しかし、「日中国交断絶」とまで煽る過激なデモには、どこまでのシンパシーがあったのだろうか。森本さんは当時を振り返る。

 「とにかく中国は、『敵』だったんですよ。日本に攻めてくるぞ、というのもありましたし、反日マスゴミという土台もありました。マスゴミの背景にいるのは韓国であり、中国でしたからね。
中国が反日マスゴミとともに日本を貶める行為をしているのだ、と。だから『敵』なんです。

 そして、ネトウヨにとっては、とにかく敵だと言われたら敵なんですよ。それ以上、詳しく考えたら負けなんです。だって、ただピュアに信じてるだけであって、理屈は何もないんですもん。

 突き詰めて詳しく考えていくと、いろいろ矛盾点が見えて、やっぱり自分が信じているものに疑問が出てきてしまうんです」

 信じるに足るものではなく、自分が信じたいものをひたすら信じている状態。なんだか変だなと感じるけれど、是が非でも信じなければ、
まともに考えるなんてことをしてしまったら、自己否定をしなければならなくなってしまう。

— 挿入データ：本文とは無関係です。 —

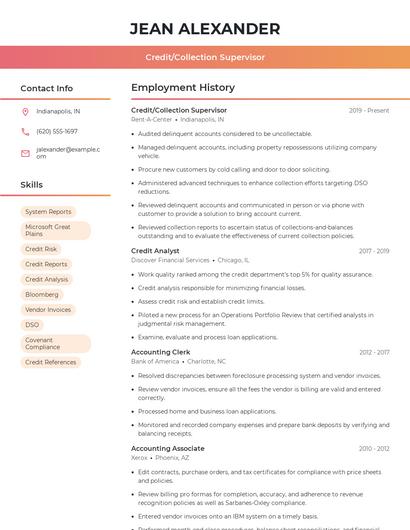 Credit/Collection Supervisor Resume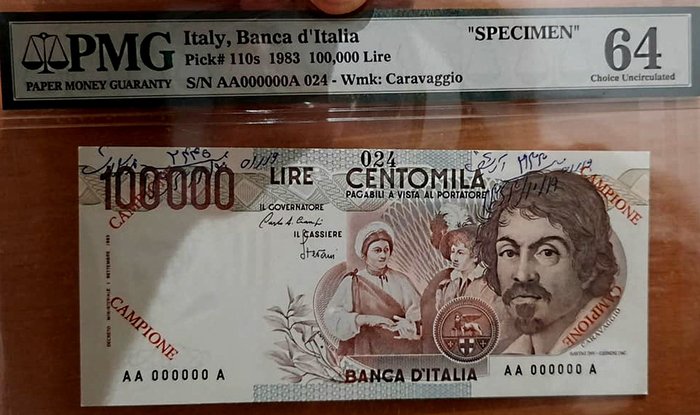 Italia - 100000 lire  D.M. 1/09/1983 - Caravaggio I° tipo - FDS - Specimen - R5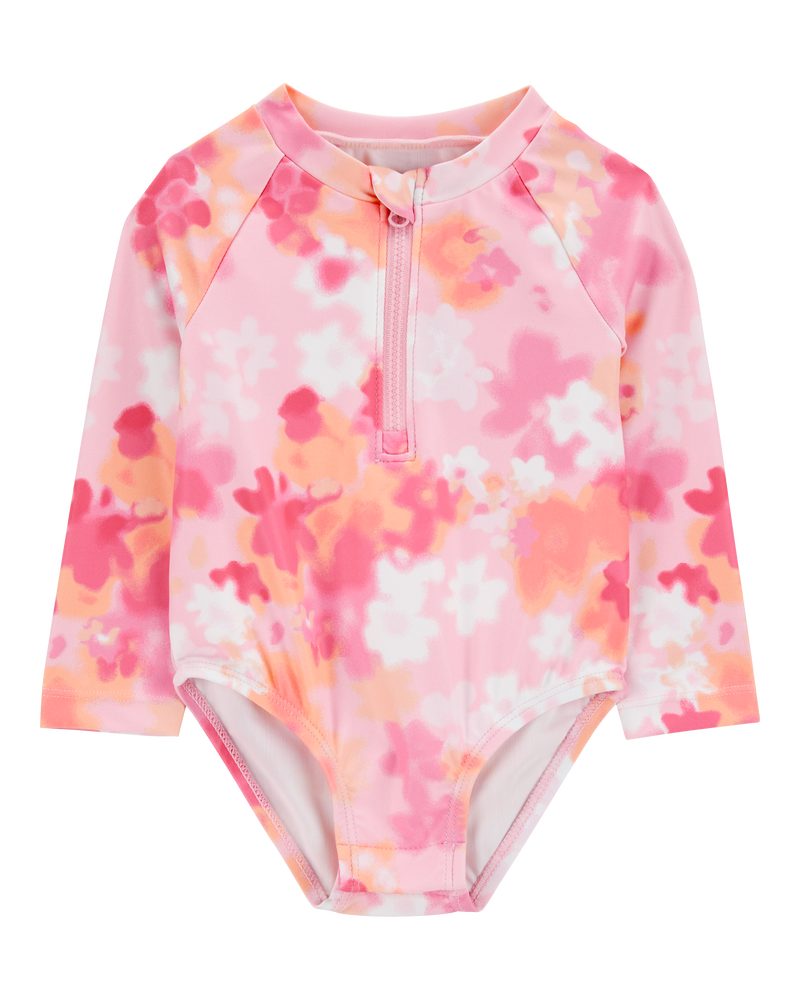 Baby 1-Piece Floral Print Long-Sleeve Rashguard Swimsuit - Pink, image 1 of 5 slides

それはイヤ。

 “目覚めた自分”から、少しずつ目を醒ますにつれて、森本さんの心のなかには疑問が溜まっていった。そして、ある日、一気に欺瞞を崩壊させられる一言が……。

 「僕の書いていたネトウヨブログを、身近な女性が読んでいて、『森本さんがいつも書いてるブログって、全部マスコミが悪いんですね』って、ボソッと言われたんですよ。
これが、ボソッとだけど、かなりグサッときてしまって。

 そこから急に熱が冷めるといいますか、たしかにマスゴミ陰謀論にはちょっと無理があるよな、うわあ、俺、なにやってたんだろう!  って(苦笑)。

 やっぱり身近な人からの図星というか、本質を突いた一言って、相当響くんですよね」

 身近な女性にイタいところを突かれて冷静さを取り戻した森本さん。しかし今度はネトウヨの「家族感染」に見舞われて――。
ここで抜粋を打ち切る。